Instructions for the task: In the records below, print each line exactly and leave every image out.

##### Excerpted records

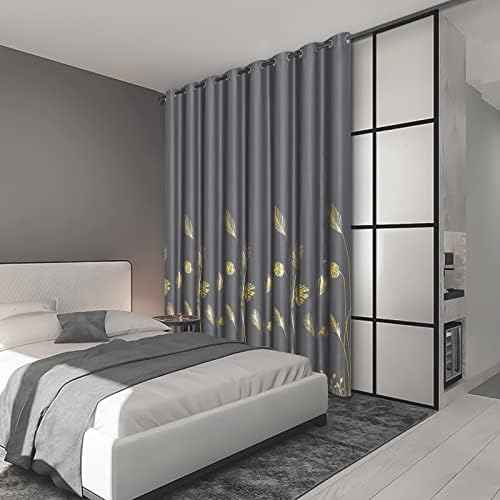 Estelar Textiler Dark Grey Blackout Patterned Sliding Door Curtain 100Wx84L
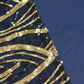 90"x156" Black Gold Wave Mesh Rectangular Tablecloth With Embroidered Sequins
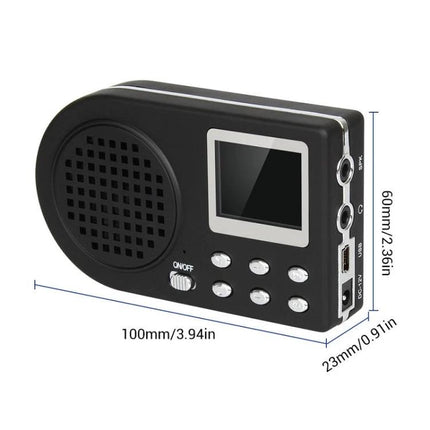 Outdoor Electronic Bird Caller with Wireless Remote Control black ABS unit with speaker, LCD, and control buttons for field use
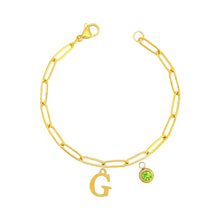Alphabet Birthstone Paperclip Bracelet Gold (A-G) aishawng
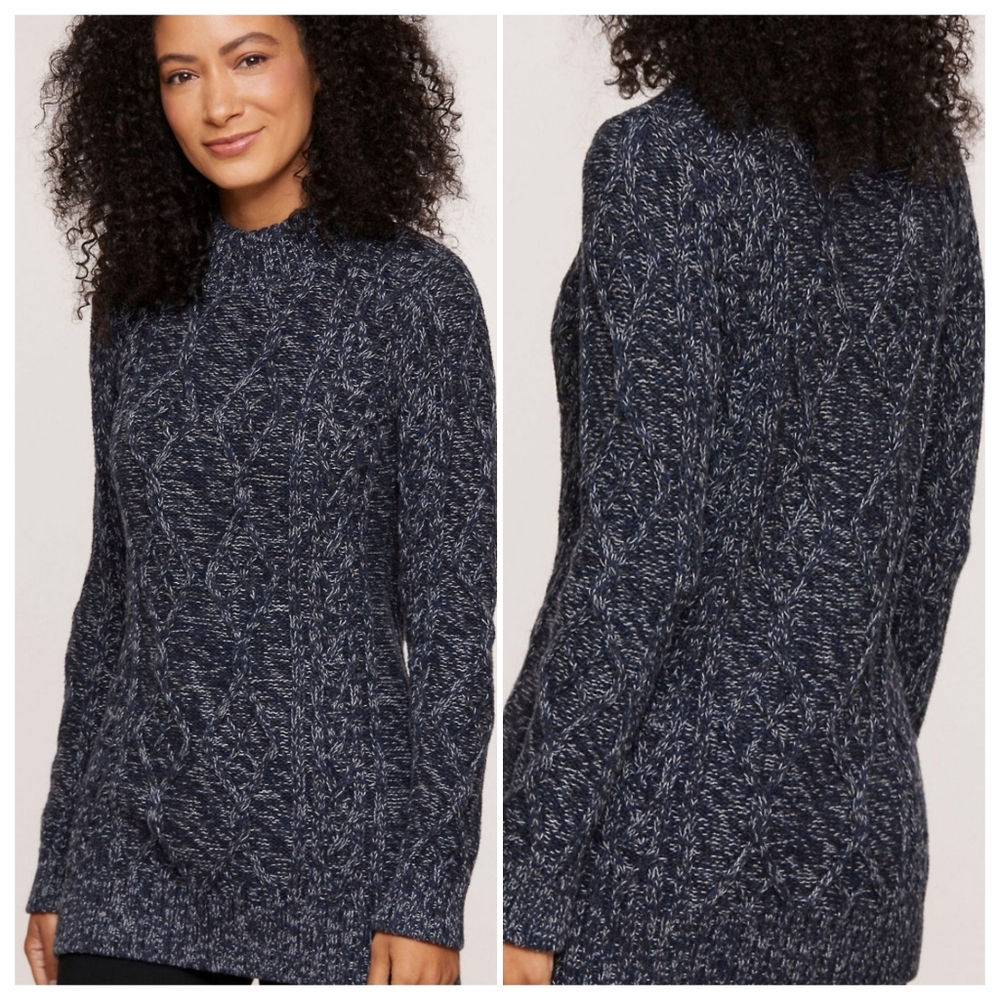 Overland | Midnight Blue Marl Fisherman Style Chunky Cable Knit Tunic Sweater Lg - Picture 2 of 8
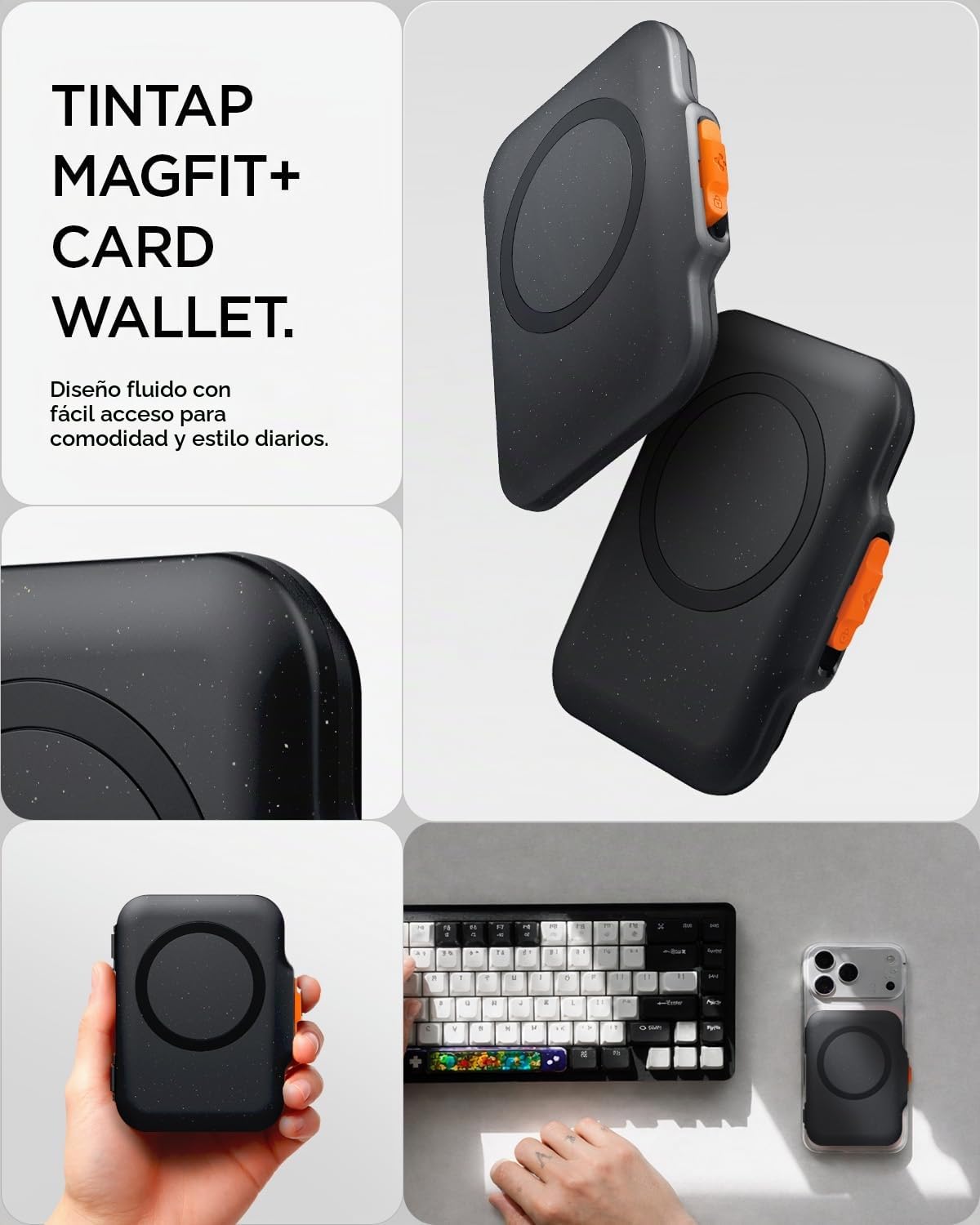 Spigen Cartera Magsafe TinTap MagFit+ Tarjetero Magnético con Sistema de Bloqueo Compatible con iPhone 17/16/15/14/13/12 Magsafe Wallet
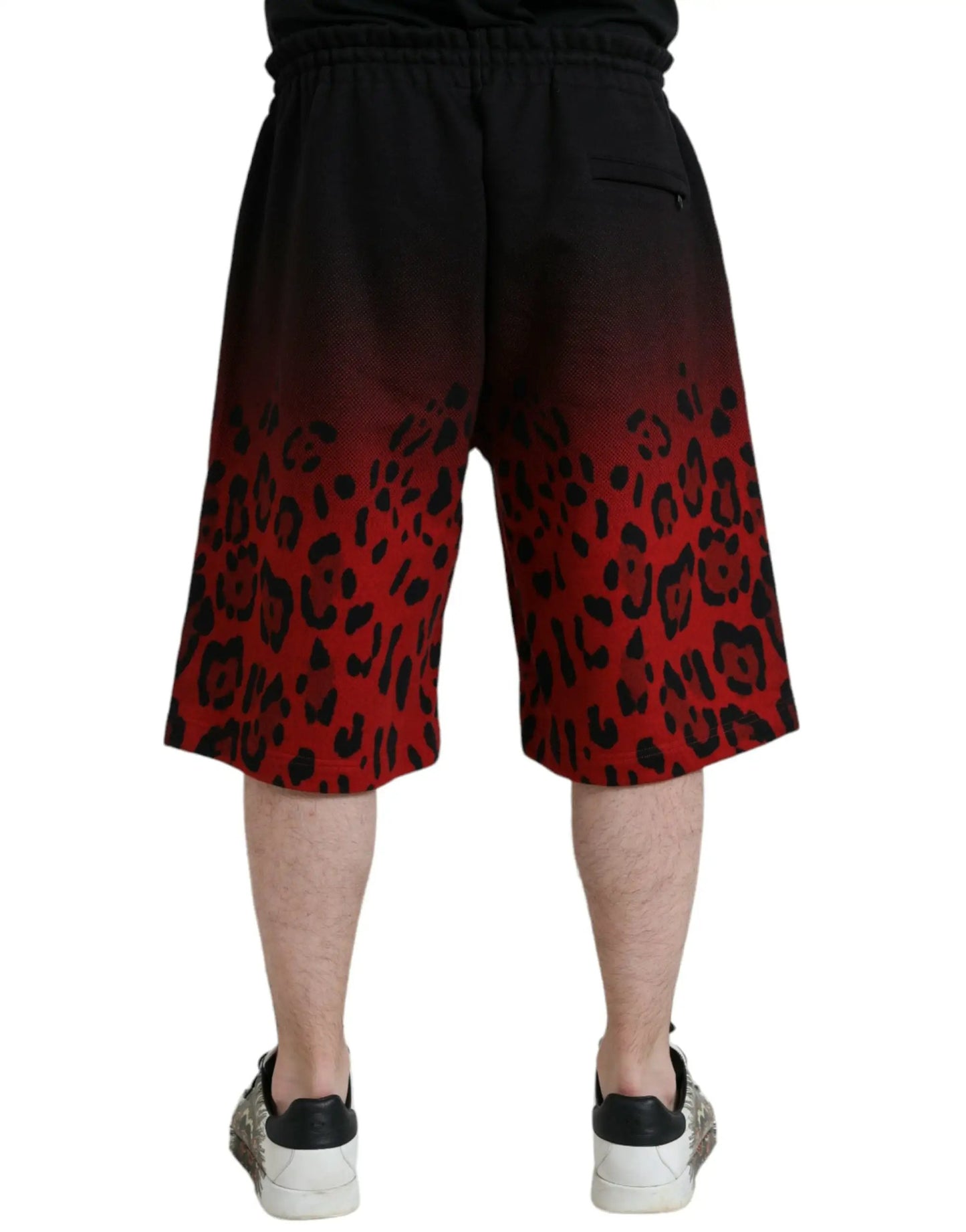 Dolce & Gabbana Red Leopard Print Cotton Bermuda Shorts by Dolce & Gabbana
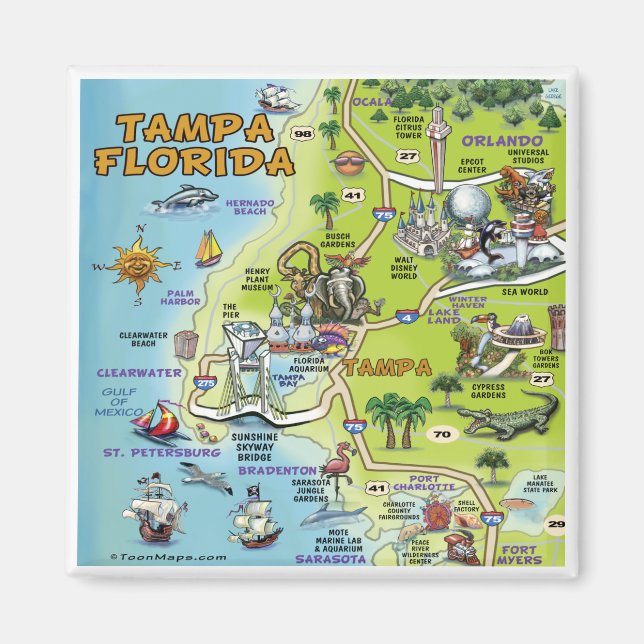 Imán Mapa de Personalizados de Tampa Florida (Frente)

##########

Written answer:
 Estelar Textiler Dark Grey Blackout Patterned Sliding Door Curtain 100Wx84L
 90"x156" Black Gold Wave Mesh Rectangular Tablecloth With Embroidered Sequins
 Outdoor Electronic Bird Caller with Wireless Remote Control black ABS unit with speaker, LCD, and control buttons for field use
Alphabet Birthstone Paperclip Bracelet Gold (A-G) aishawng
 Overland | Midnight Blue Marl Fisherman Style Chunky Cable Knit Tunic Sweater Lg - Picture 2 of 8
 Spigen Cartera Magsafe TinTap MagFit+ Tarjetero Magnético con Sistema de Bloqueo Compatible con iPhone 17/16/15/14/13/12 Magsafe Wallet
 Dolce & Gabbana Red Leopard Print Cotton Bermuda Shorts by Dolce & Gabbana
 Imán Mapa de Personalizados de Tampa Florida (Frente)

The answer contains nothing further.